Covid-19 : comment fonctionne un vaccin à ARN messager ?

Les vaccins contre le Covid-19, qui ont été développés en un temps record, suscitent de nombreuses inquiétudes, en particulier sur les effets secondaires et les risques d’allergie. Concernant les vaccins des laboratoires Pfizer et Moderna, qui seront les premiers disponibles, de nombreuses fake news circulent sur la technologie de l'ARN messager. Pour démêler le vrai du faux, voici ce qu’il faut savoir sur les vaccins à ARN messager.


La méthode est inédite, mais bien maîtrisée

De nombreuses fake news circulent sur la technologie de l'ARN messager, une technologie inédite suspectée d’être trop récente pour être bien maîtrisée...
S’il est vrai que les vaccins contre le Covid-19 sont les premiers à utiliser cette technique, il faut savoir qu’elle n’est pas si récente et qu’elle a été développée depuis 30 ans.
Elle a déjà été envisagée pour lutter contre les virus Ebola ou Zika mais, jusqu’à présent, les scientifiques avaient manqué de financement et d’un nombre suffisant de malades pour les phases de test.
Pour rappel, un vaccin à ARN messager pousse l'organisme à produire lui-même les molécules qu'on injecte traditionnellement par un vaccin à virus inactivé ou atténué.
Grâce à un code génétique, le vaccin demande à nos cellules de fabriquer des antigènes, les fameux "spicules" du coronavirus. Ces pointes, inoffensives en elles-mêmes, vont être détectées par notre système immunitaire et vont l’inciter à produire des anticorps.

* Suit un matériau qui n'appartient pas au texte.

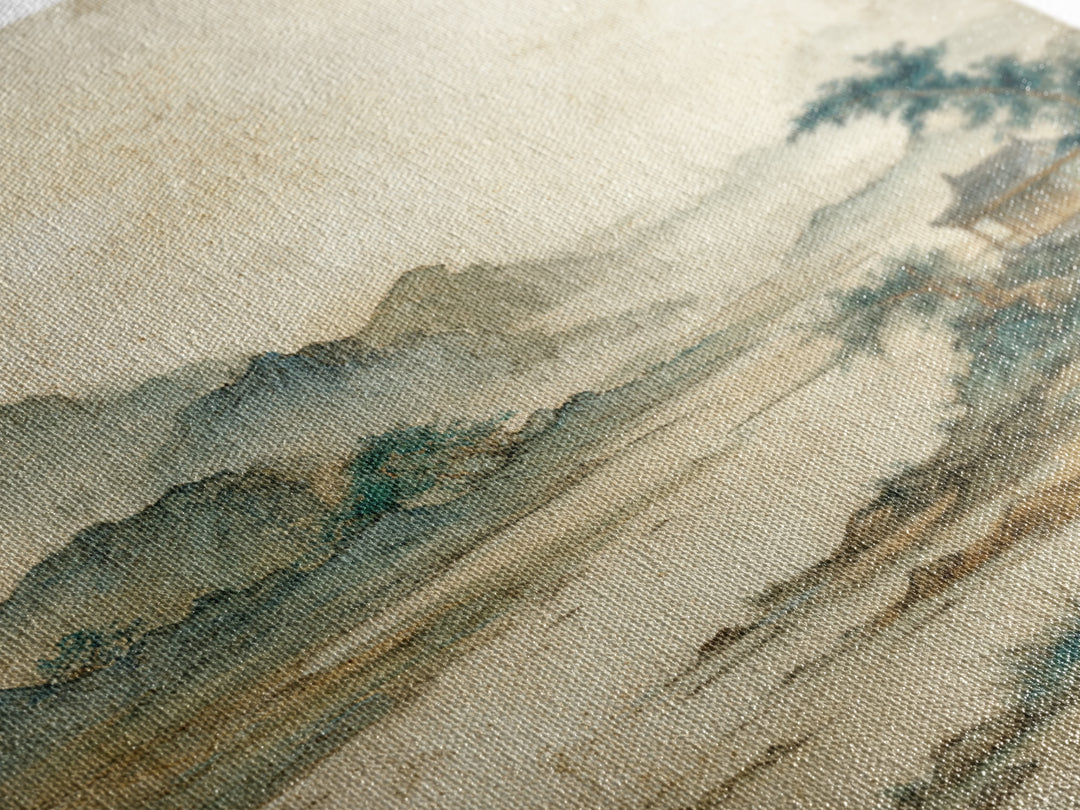 Chinese Mountain Scroll Landscape Framed Canvas Print, Asian Inspired Art, Gallery Decor, Living Room Decor, Fine Art, Harmony, ASI-1x1-32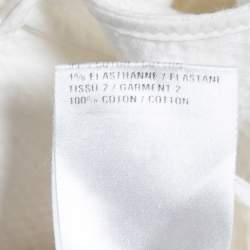 Pre Owned Chloe White Textured Cotton Lace Paneled Long Sleeve Top M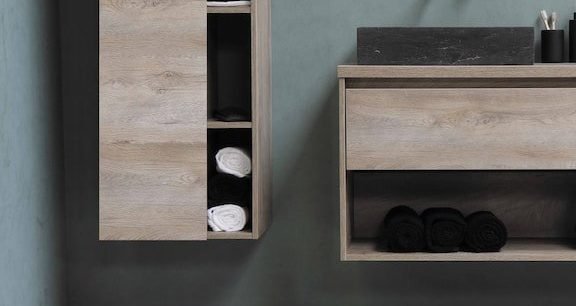 brown wooden cabinet with mirror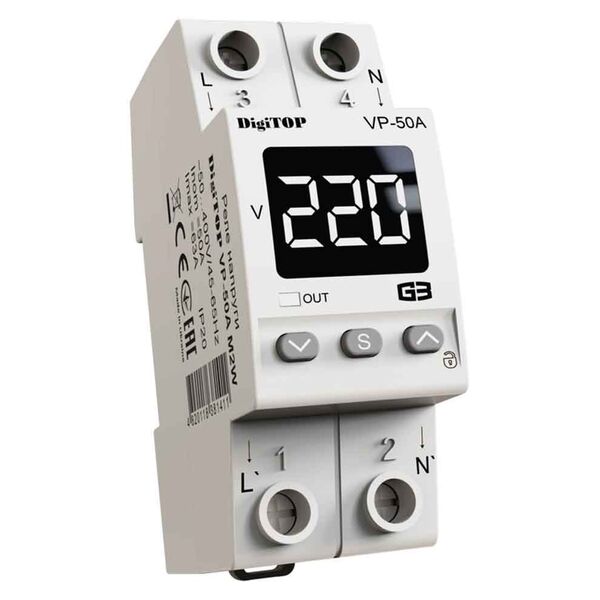 Przekaźnik napięcia DigiTOP VP-50A M2W (50A, biały wskaźnik)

Le vaccin ne modifie pas notre ADN

L’une des questions qui inquiète le plus l’opinion publique est l’effet du vaccin à ARN messager sur notre ADN.
Mais les scientifiques sont formels : contrairement à ce qu’affirme une fake news qui circule en ce moment, cette technique ne modifie absolument pas notre ADN.
Le code génétique utilisé a pour seul but de produire des spicules (inoffensives), afin de provoquer une réponse de notre système immunitaire et de le préparer à détruire les spicules du vrai coronavirus s’il y est confronté.
Tout ce processus se déroule à la périphérie du noyau de nos cellules, dans ce qu'on appelle le cytoplasme. En revanche, l’ARN messager ne pénètre pas dans le noyau et ne peut pas modifier notre génome.
Dans le corps humain, "le chemin génétique, c'est : l'ADN qui est transcrit en ARN […] On ne voit pas le chemin inverse", a expliqué récemment à l'AFP le généticien français Axel Kahn.
De plus, cet ARN ne subsiste pas à long terme dans nos cellules. Au contraire, il est très vite dégradé dans le cytoplasme, ce qui explique aussi pourquoi il faut conserver ce vaccin à très basse température.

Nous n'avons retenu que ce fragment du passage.